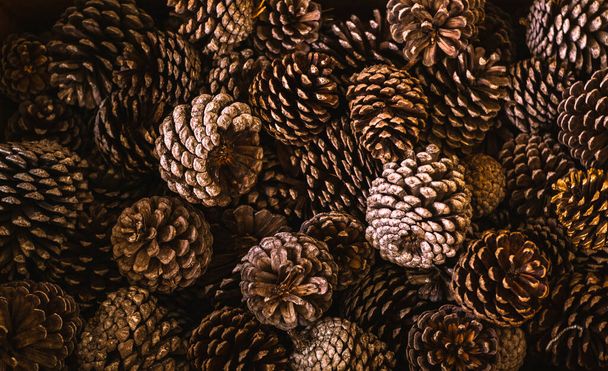 A top view shot of a bunch of red pines on top of each other - 写真・画像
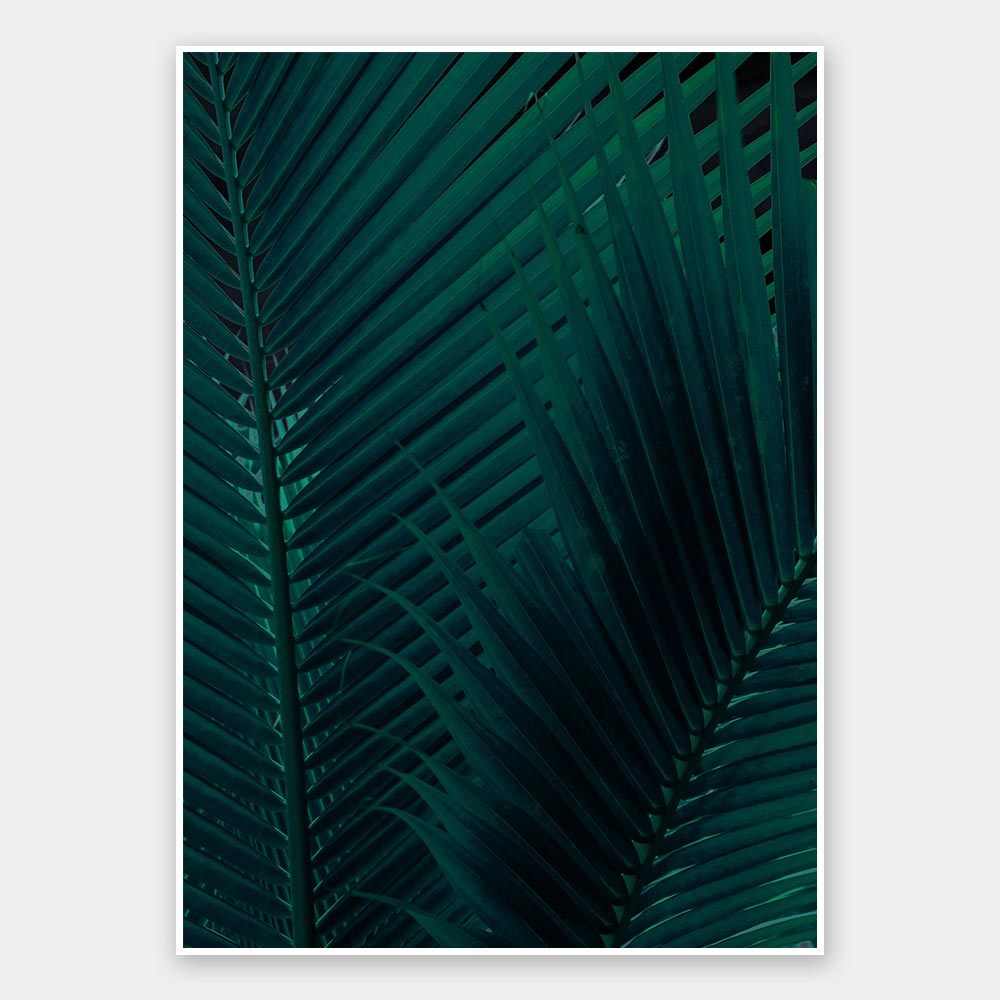 Shade I Unframed Art Print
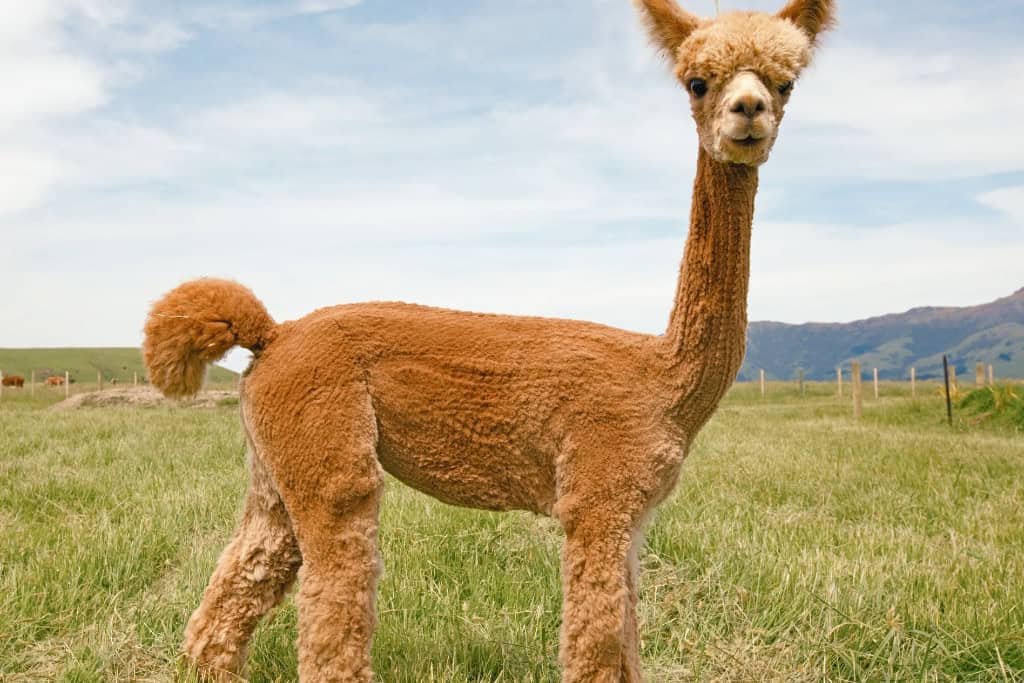 What the Alpaca Spirit Animal Reveals About You A freshly sheared alpaca standing tall in a grassy field with mountains in the distance, representing renewal and the abundance of alpaca symbolism.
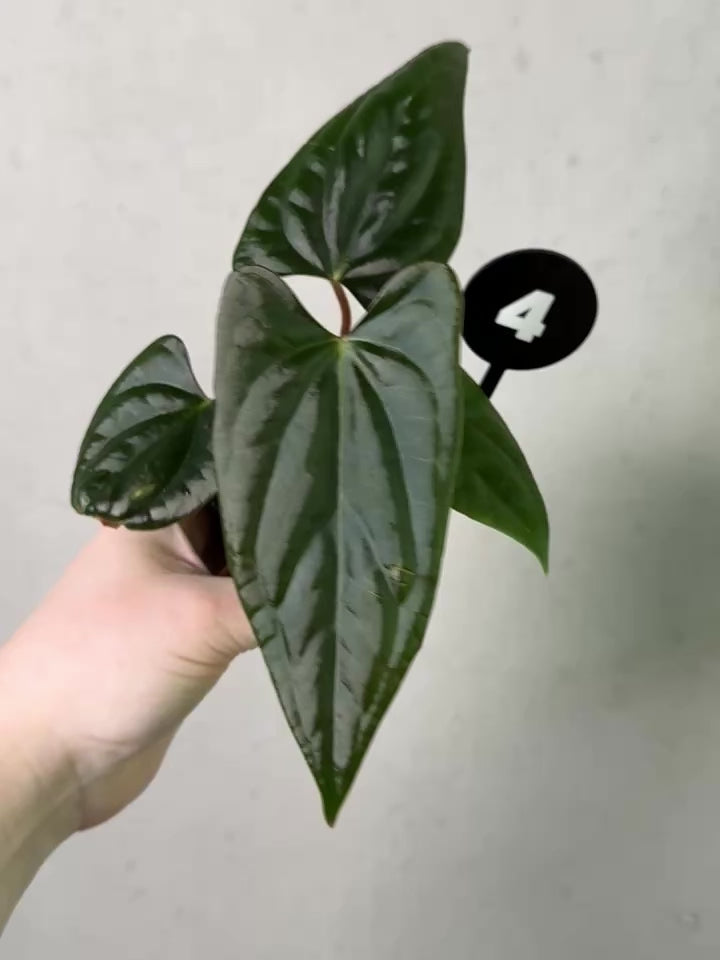 Anthurium (Dark Phoenix x Goliath) x (sp. Napo x Luxurians) - Rare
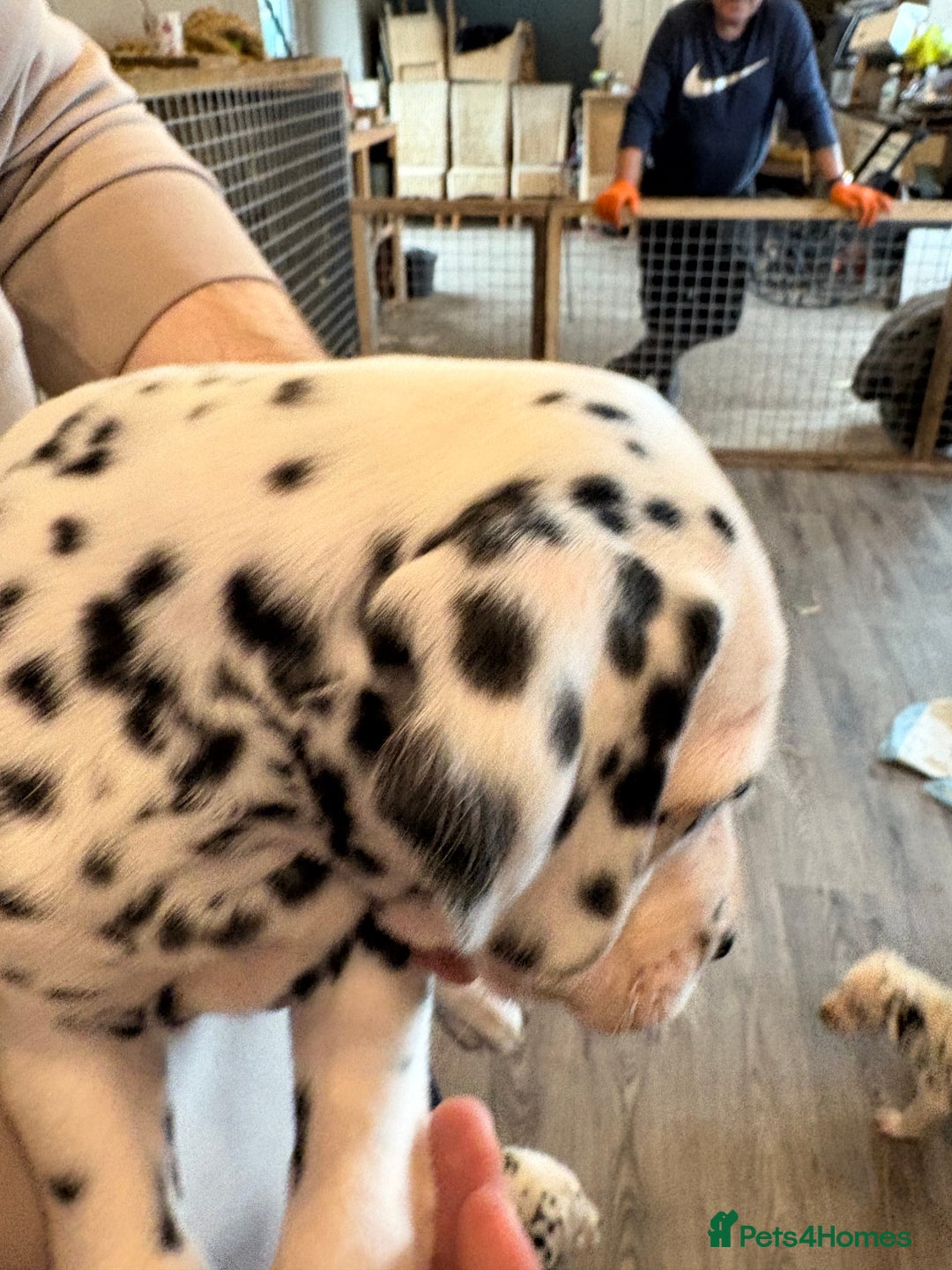 Dalmatian dogs for sale: The most beautiful beautiful Dalmatian puppies  - Advert 7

-*-*-

- Exercise instructions
The expected answer consists solely of the lines from the one with "Anthurium (Dark Phoenix" through the last line of the listing above, restated exactly, minus any pictures.

- Answer for this exercise
 Anthurium (Dark Phoenix x Goliath) x (sp. Napo x Luxurians) - Rare
 Dalmatian dogs for sale: The most beautiful beautiful Dalmatian puppies  - Advert 7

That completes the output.